#### REQUIRED ACTION
Only a number is expected in reply: the count of lines below where the word "with" occurs.

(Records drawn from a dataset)
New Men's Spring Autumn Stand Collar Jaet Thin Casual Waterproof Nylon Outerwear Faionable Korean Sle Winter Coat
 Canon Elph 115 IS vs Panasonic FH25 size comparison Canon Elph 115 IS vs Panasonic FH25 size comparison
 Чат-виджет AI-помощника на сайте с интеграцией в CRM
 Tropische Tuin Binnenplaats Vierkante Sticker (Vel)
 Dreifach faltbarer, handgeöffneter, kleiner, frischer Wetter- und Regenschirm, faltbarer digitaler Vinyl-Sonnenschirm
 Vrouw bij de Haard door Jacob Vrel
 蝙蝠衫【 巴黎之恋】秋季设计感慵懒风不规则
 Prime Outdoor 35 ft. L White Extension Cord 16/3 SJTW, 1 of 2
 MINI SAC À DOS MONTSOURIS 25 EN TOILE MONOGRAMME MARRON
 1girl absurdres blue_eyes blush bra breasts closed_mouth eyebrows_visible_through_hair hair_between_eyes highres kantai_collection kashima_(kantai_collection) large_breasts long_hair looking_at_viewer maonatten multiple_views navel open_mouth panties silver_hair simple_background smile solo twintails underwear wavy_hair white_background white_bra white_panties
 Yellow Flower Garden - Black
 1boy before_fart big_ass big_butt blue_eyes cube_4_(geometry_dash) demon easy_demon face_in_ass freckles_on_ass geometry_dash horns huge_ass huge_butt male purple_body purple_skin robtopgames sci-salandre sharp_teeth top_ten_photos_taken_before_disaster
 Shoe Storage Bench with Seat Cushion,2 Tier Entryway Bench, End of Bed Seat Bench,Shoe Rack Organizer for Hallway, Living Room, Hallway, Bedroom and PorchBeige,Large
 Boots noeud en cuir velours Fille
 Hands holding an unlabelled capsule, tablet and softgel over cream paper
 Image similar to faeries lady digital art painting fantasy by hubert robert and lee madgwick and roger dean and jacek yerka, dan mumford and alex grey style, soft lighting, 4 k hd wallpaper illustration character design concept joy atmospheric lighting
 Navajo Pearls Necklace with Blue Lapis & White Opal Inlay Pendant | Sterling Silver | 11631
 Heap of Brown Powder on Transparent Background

#### SOLUTION TO THE PROBLEM
2